DISPATCHES FROM EXOTIC LANDS
We sent journalist Ben Groundwater to Peru to hike the longer, more beautiful, more luxurious, and far quieter, Salkantay Trail to Machu Picchu. This is his story……
Machu Picchu’s Salkantay Trail
The road less travelled
The condors overhead look minuscule, these huge birds rendered as tiny dots by distance. They glide in and out of the clouds, circling, searching for food, making serene progress past mountains clipped with snow. It seems like another world up there, ghostly and forbidding, but that’s when the realisation hits: I’ll be up that high soon. I’ll be hiking in those clouds; I’ll be trekking those mountains. Soon.

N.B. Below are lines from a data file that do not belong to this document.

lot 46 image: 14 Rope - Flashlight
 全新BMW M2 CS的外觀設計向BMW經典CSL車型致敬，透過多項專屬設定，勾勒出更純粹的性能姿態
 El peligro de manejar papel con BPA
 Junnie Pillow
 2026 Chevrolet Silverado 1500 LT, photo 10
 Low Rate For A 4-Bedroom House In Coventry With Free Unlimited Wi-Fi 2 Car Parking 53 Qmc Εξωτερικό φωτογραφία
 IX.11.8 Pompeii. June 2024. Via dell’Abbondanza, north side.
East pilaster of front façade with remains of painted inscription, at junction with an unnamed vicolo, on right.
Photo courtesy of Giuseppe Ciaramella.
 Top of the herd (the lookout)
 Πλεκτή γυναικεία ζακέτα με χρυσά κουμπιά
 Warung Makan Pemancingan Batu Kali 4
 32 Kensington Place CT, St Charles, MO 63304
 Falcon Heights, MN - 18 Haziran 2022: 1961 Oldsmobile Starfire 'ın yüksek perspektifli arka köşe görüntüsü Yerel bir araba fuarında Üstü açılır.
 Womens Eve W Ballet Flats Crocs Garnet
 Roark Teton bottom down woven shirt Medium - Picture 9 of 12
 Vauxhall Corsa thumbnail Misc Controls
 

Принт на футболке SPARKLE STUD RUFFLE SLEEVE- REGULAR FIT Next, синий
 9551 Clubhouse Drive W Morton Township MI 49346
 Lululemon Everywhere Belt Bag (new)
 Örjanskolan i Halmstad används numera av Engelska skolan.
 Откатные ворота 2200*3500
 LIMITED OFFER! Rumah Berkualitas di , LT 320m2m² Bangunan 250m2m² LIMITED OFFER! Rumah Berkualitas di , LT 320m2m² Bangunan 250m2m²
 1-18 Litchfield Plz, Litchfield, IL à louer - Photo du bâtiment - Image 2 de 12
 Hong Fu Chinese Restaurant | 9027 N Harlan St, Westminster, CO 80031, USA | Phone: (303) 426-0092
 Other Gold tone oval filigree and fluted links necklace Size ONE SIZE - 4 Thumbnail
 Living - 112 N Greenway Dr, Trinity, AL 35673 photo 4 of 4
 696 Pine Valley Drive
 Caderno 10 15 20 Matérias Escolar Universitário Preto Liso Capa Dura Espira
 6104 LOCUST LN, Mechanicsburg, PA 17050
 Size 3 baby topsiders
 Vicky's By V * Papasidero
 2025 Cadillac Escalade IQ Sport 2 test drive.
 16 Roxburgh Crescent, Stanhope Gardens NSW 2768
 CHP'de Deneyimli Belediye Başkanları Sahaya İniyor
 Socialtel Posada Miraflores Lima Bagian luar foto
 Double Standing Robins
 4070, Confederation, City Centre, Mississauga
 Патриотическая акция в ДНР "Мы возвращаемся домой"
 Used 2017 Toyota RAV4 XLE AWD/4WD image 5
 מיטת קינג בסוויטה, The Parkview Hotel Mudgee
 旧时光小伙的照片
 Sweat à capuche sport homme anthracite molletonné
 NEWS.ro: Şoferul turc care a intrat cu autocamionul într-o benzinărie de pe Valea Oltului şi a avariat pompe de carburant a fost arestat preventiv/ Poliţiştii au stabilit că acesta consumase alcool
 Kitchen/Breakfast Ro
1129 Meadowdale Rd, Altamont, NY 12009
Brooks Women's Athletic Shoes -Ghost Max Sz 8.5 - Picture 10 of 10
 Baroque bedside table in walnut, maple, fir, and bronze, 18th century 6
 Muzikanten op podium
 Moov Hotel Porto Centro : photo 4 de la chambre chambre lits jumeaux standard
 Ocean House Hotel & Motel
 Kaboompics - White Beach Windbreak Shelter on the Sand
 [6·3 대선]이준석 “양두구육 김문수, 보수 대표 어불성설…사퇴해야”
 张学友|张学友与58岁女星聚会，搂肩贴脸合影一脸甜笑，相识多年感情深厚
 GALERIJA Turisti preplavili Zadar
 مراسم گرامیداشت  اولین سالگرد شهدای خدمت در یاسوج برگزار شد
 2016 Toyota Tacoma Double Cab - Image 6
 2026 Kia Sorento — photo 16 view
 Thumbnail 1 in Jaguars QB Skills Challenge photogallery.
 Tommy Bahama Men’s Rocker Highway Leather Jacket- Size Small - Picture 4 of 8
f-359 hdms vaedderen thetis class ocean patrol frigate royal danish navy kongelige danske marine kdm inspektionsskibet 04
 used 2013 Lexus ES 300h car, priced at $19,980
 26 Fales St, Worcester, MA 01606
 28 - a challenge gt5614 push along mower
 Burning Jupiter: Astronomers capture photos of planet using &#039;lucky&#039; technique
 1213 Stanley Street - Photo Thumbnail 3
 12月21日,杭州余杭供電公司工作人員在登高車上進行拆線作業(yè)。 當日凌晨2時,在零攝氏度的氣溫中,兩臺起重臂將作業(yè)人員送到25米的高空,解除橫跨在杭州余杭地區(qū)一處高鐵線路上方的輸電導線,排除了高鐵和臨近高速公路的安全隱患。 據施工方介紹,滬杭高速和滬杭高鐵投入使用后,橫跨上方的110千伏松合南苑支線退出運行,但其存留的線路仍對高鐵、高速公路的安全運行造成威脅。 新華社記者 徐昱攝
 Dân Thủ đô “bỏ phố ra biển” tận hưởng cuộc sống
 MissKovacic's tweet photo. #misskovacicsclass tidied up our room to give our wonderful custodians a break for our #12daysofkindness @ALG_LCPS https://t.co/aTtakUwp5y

It’s the beginning of the Salkantay Trail, a six-day trek through the high Andes in Peru, and the scale of it is difficult to comprehend. Right now we’re just past the town of Mollepata, the last slice of civilisation proper we’ll see before we eventually stroll into a train station near the ruins of Machu Picchu in almost a week’s time. By then we’ll have gasped for air on mountain passes that sit higher than those condors circling above us now; we’ll have sloshed through cold rivers, enjoyed stunning scenery, been caught in a hail storm, swum in a glacial lake, made an offering to the mountain gods, and spent five nights recovering from it all in the most improbably luxurious lodges set in the most improbably rugged, amazing locations.
For now, however, the condors just represent a challenge, a dream. They’re up there four or five thousand metres above sea level – soon our band of 12 hikers will be too.
This is not the way most people get to Machu Picchu, that famous Incan mountain city. There are two well-known options: take the train from Cusco to the town of Aguas Calientes and then ride a bus up to the ruins; or hike the Inca Trail, a three-day trek that makes an appearance on many a bucket list. The Salkantay, however, is a different approach altogether.
This path approaches Machu Picchu from the opposite side to the Inca Trail, but it’s longer, more challenging, more beautiful, more luxurious, and far quieter. There’s not a soul about as we lace up our boots at the trailhead, lashing supplies to a couple of horses before setting out onwards and upwards.
This is officially known as Mountain Lodges of Peru’s “Lodge to Lodge” trek, and that’s a key difference between this experience and the backpacker-style camping of the Inca Trail. Where those hikers will be bundling up below a thin synthetic roof each night, we’ll be dining on three-course meals, drinking cocktails in hot-tubs and deciding whether it’s worth indulging in another massage. The days are long and sometimes hard – the nights are warm and comfortable.